Боус благополучно добрался до Архангельска, а затем и до Лондона. Остается добавить, что вместе с Боусом в Лондон возвращался и доктор Роман Якобий. В его услугах в Москве больше не нуждались. Впрочем, Иоганна Эйлофа тоже выслали из России. На всякий случай, вероятно, чтобы подозрение падало не на одного Роберта Джейкоба. Царь Федор Иоаннович направил с Боусом послание королеве Елизавете, которое посол, как уже отмечалось, вступив на палубу корабля изорвал, а царские подарки изрезал. Это была явно избыточная предосторожность. В послании про подписанный союзный договор ничего не говорилось.

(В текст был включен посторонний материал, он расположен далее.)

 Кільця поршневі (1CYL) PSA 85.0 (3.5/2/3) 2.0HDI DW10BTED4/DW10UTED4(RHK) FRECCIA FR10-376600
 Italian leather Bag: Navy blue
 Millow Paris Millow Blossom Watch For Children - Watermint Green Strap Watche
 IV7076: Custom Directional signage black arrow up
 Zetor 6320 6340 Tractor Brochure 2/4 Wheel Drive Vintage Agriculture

Борис Годунов, судя по всему, испытал благодарность по отношению к английскому послу – благодаря убийству Ивана Грозного ему открылась дорога к трону. Видимо, он согласился выгородить Боуса. В его более позднем послании, а также в послании Федора Иоанновича английской королеве, не было ни одного намека на союзный договор и «провал» миссии английского посла объяснялся его строптивостью и несговорчивостью в полном соответствии с версией Горсея и самого Боуса.

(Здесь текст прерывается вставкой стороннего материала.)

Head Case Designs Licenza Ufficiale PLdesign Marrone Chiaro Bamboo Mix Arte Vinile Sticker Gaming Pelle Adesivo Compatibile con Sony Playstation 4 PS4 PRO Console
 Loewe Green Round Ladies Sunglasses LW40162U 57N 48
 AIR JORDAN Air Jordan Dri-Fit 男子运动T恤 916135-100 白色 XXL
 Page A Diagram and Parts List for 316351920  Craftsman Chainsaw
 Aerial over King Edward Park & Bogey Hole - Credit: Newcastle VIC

Если предположение о роли Боуса и доктора Джейкоба в отравлении Ивана Грозного имеет под собой основание, то следует признать, что записки Горсея стали первым примером «литературного прикрытия» специальной операции англичан за пределами национальной территории и заложили «добрую традицию» многих английских дипломатов и разведчиков «объяснять» читателям своих воспоминаний суть переворотов и революционных событий, свидетелями которых они стали, но в которых «отнюдь не участвовали».

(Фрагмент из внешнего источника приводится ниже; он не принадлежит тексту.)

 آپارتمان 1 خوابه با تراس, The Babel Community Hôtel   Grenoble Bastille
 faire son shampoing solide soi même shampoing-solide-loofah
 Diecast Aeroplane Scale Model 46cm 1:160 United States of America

Кстати, идея насильственной смерти Ивана Грозного отнюдь не нова. Этой теме посвящено исследование, написанное уже упоминавшимся крупнейшим советским и российским историком–славистом, членом-корреспондентом РАН Борисом Николаевичем Флорей86
. В своей книге об Иване Грозном, он цитирует одну из псковских летописей: царь «на русских людей… возложи свирепство», а затем и вовсе собрался «бежати в Аглинскую землю и тамо женитися, а свои было бояре оставшии побити». Но «не даша ему тако сотворити, но самого смерти предаша, да не до конца будет Руское царство разорено и вера християнская». При этом вину за отравление царя возлагали на ближайшего вельможу царя, главу аптекарского приказа Богдана Яковлевича Бельского, что, как уже было показано, явно противоречило интересам и перспективам царского любимца.Вместе с тем Флоря, ссылаясь на записи переговоров Бельского с Боусом, подтверждает версию о подписании Боусом союзного договора. Вот, в частности, что он пишет: «Переговоры о союзе не пошли гладко. Соглашаясь на заключение такого соглашения, королева устами своего представителя настаивала на том, что, прежде чем начинать войну с «недругом», следует вступить с ним в переговоры, предлагая, чтобы он «воздержался от дальнейших обид и согласился на честные условия мира». Лишь после неудачи таких переговоров Елизавета соглашалась оказать своему союзнику помощь войсками и вооружением. Такую процедуру царские советники нашли не только излишней, а прямо вредной («толко обсылатца с недругом и недруг в те поры изготовитца»), а царь с раздражением заметил, что Елизавета «хочет с нами быти в докончании (союзе. –
… Царь оказался перед нелегким решением, но желание отомстить врагам оказалось у него столь сильным, что он решил пойти на жертвы, чтобы добиться заключения союза. Советники, возражавшие против уступок англичанам, были отстранены от ведения переговоров, а к английскому послу отправился Богдан Бельский, который поставил перед ним один единственный вопрос: если царь даст английским купцам монополию на торговлю с Россией, будет ли заключен союз против царских «недругов» – Стефана Батория и шведского короля Юхана III. Ответ посла был положительным: «королевна для тое дружбы станет с тобою, государем, заодин на литовского и на свейского». После этого по приказу царя Богдан Бельский подготовил новый проект русско-английского договора, включавший в себя обязательство сторон «стояти заодно… доставати Лифлянские земли».